I just wanted simple.
Simple isn’t an option anymore.
I remember primary colors thrilling me as a kid. If I wanted red, I could easily pull it out of the box. I found comfort in that certainty. There was no need to “test” the color on a scrap piece of paper to see if it was just the right shade. It just was what it was. RED. The same went with yellow, blue, and green. I could identify them. And I knew when I pulled them out of the box exactly what I was getting. I was good with that. I am comfortable with predictable.
But in that congested, parent-frantic aisle, familiar wasn’t for sale.
Have you ever been in a season that just isn’t unfolding in colors that make sense? It’s not necessarily bad, it’s just, well…different. And because it’s not familiar ground, you are struggling to believe the real estate you find your feet in actually belongs to you?
I have. I am.
Isn’t that what He longs to do, and be, in our lives? Out-of-the-box and keep-ya-guessing kind of King? Well, you might be uncomfortable with those adjectives, but I am learning to open wide my heart to them. Yes, there are traits to His character that are unmovable, and promises that will never be shaded differently than what He intended. I am not talking about the core of who God is or the promises that He has declared.
What I am talking about is a comfortable-ness with my relationship and understanding of Him that inhibits the craving of my heart for more.
I want comfortable because it is what I have been able to understand and come to peace with as it relates to my life. But the danger here is that I stop searching Him out. That I get my “primary colors” in a box and I define the canvas and spaces in which I think God is/can work.
But God isn’t afraid to hurt my feelings to get my feet to move.
The truth is, He is more colorful than you or I can get our tiny brains around. And no matter how philosophical I want to be or creative I endeavor to be, He will not be exhausted. His ways, His intentions, His character, His plans, His goodness, His faithfulness, His creativity, and His beauty reach depths of color that no crayon box could hope to capture.
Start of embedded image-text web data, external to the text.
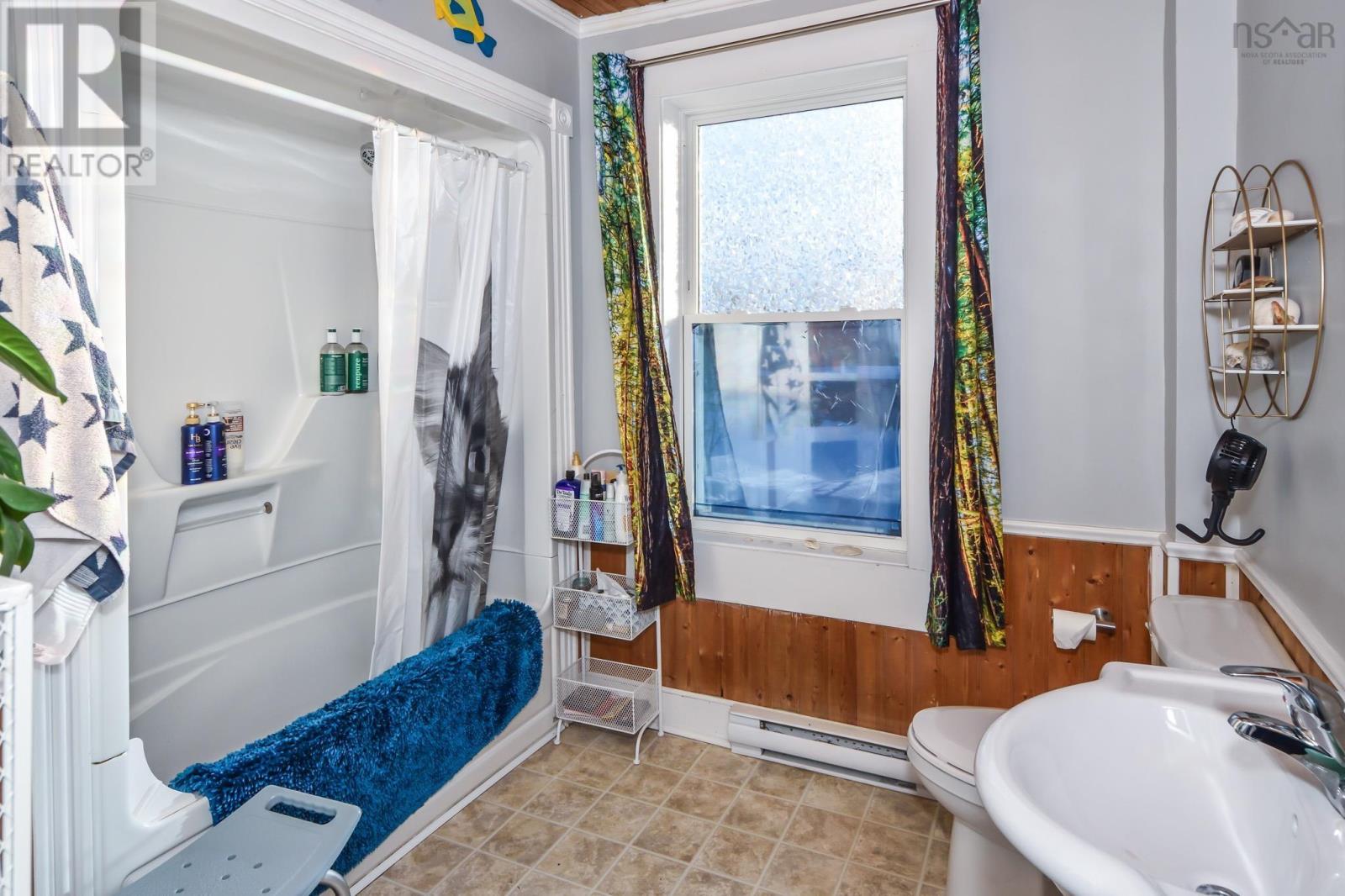 214 High Street, Bridgewater, Nova Scotia  B4V 1W3 - Photo 13 - 202503477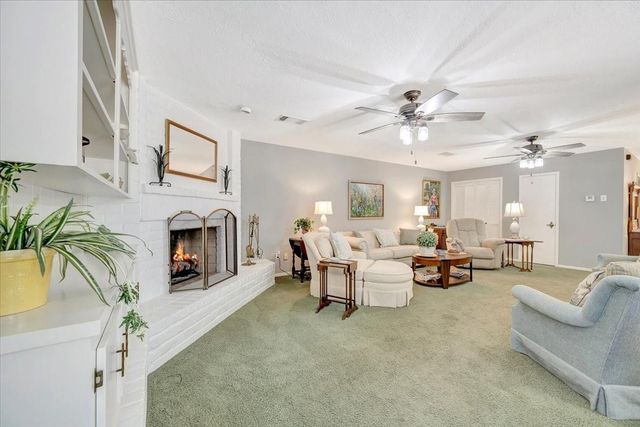 15518 Pleasant Valley Road, Houston, TX 77062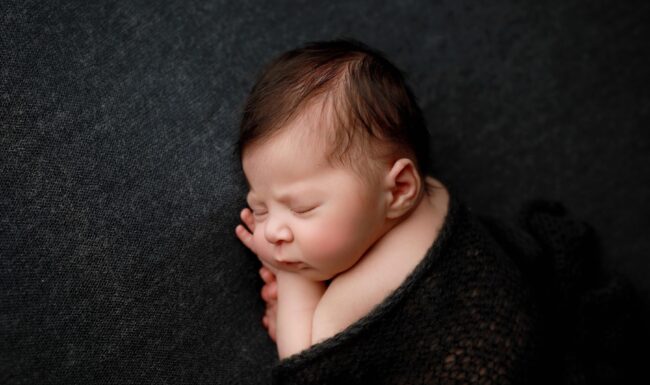 get newborn pictures taken Wake Forest, professional newborn photos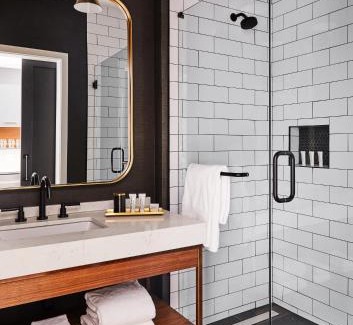 Downtown Hotel | Discover The Blake Hotel: Pet-Friendly Retreat with Dining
Here’s the cool thing…the more you press past this palate of predictability, He will create a hunger deep within you for… more.
Discovering His joy, enables you to possess joy more.
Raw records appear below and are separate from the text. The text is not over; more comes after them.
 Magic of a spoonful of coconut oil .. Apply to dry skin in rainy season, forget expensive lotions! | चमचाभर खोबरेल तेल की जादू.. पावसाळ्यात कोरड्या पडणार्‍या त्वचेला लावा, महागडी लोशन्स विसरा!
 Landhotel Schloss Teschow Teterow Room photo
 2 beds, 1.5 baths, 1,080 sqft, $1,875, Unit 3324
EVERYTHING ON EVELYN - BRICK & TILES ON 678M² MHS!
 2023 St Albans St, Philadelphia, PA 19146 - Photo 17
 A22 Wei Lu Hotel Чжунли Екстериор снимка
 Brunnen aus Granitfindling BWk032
Discovering His faithfulness, enables you to proclaim His faithfulness more.
Discovering His goodness, enables your vision, wide-eyed and grateful, to behold His goodness more.
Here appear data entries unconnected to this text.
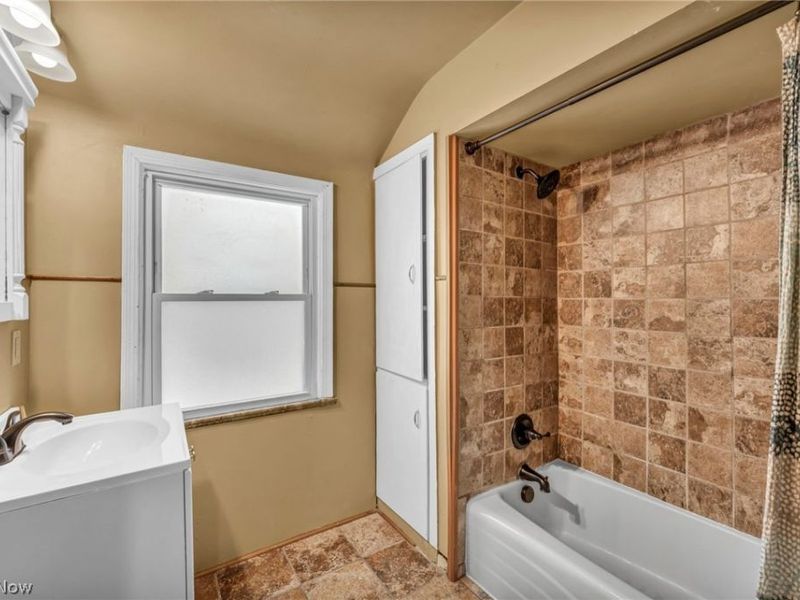2506 N Taylor Road, Cleveland Heights, OH 44118 Photo 20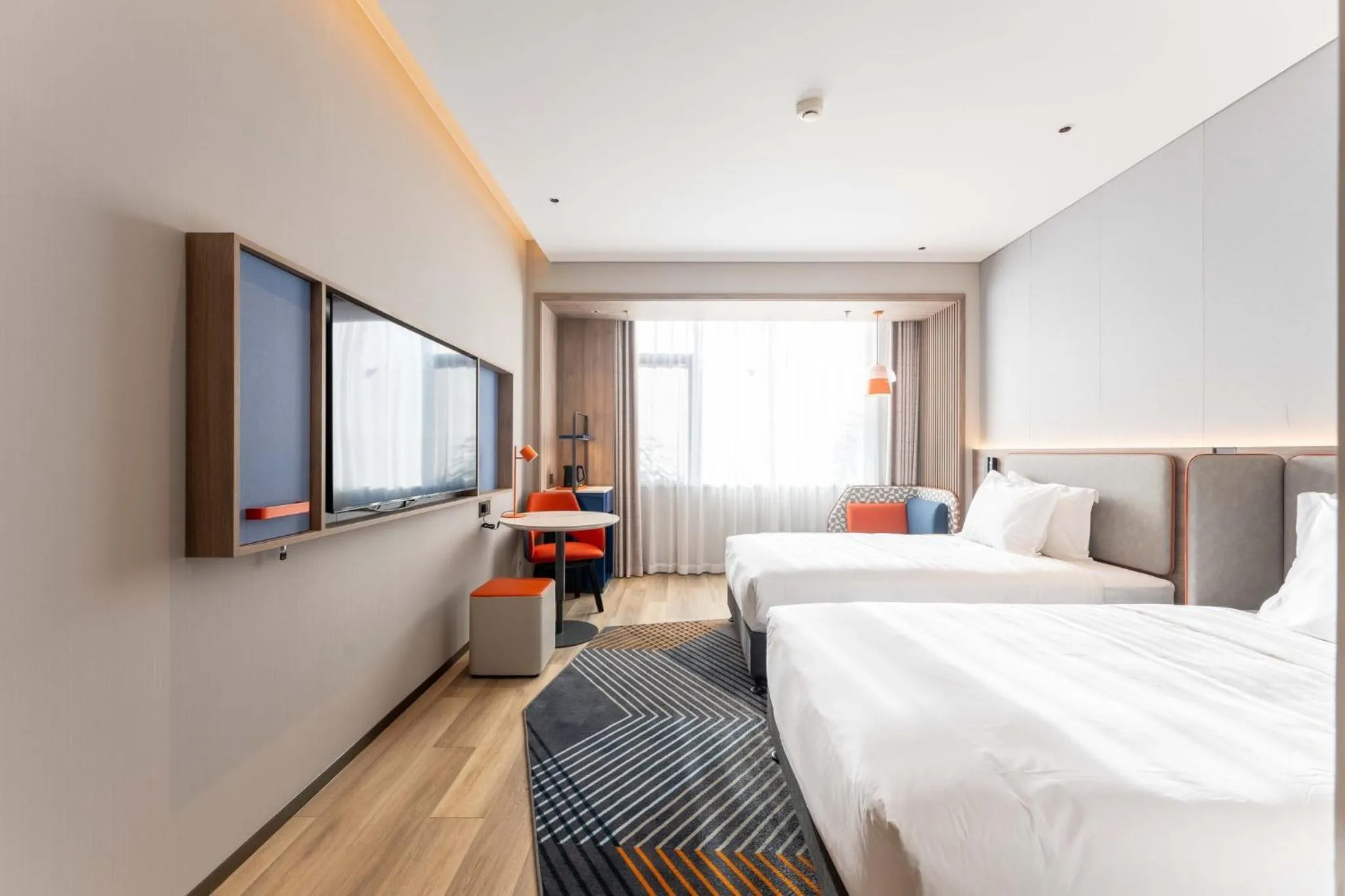 Photo of the whole room, Bed in Holiday Inn Express Yuhuan Wetland Park by IHG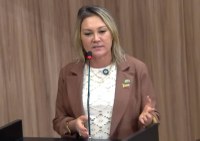 Projeto é aprovado com 18 votos favoráveis contra abuso em materiais escolares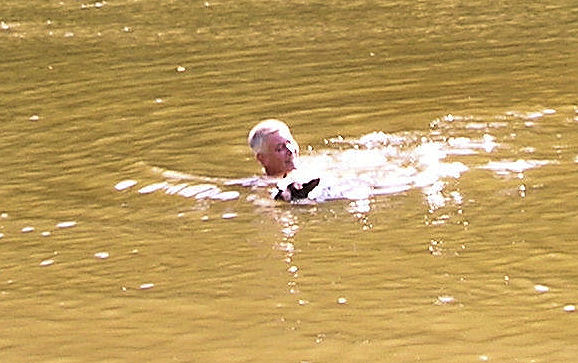 schwimmend.jpg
And as you crave more, He delivers it. More colors, more abundance, more beauty, in ALL of it. In pain, in searching, in suffering, in laughter and in tears, in desperation and in great hope, in disappointments, in provision, in peace, in sorrow, in longing, and in fulfillment…in all of it. He is there. Every time. In every space.
So, I am not sure where you might be, but I sense I am not alone in this great desire (and perhaps great trepidation) to open wider to all that God is and has in store. Perhaps you are like me in your relationship and walk with the Lord that “simple” just isn’t an option anymore. You know deep down in your heart that there is more.
If that is you, let me assure you that it really is gonna be ok. Actually, it is going to be spectacular! If He is moving you out of your comfort zone into a land you are just not sure belongs to you, just take a deep breath and commit to looking up. Don’t miss the brilliant hues that are coming. He is so good, friend. Truly.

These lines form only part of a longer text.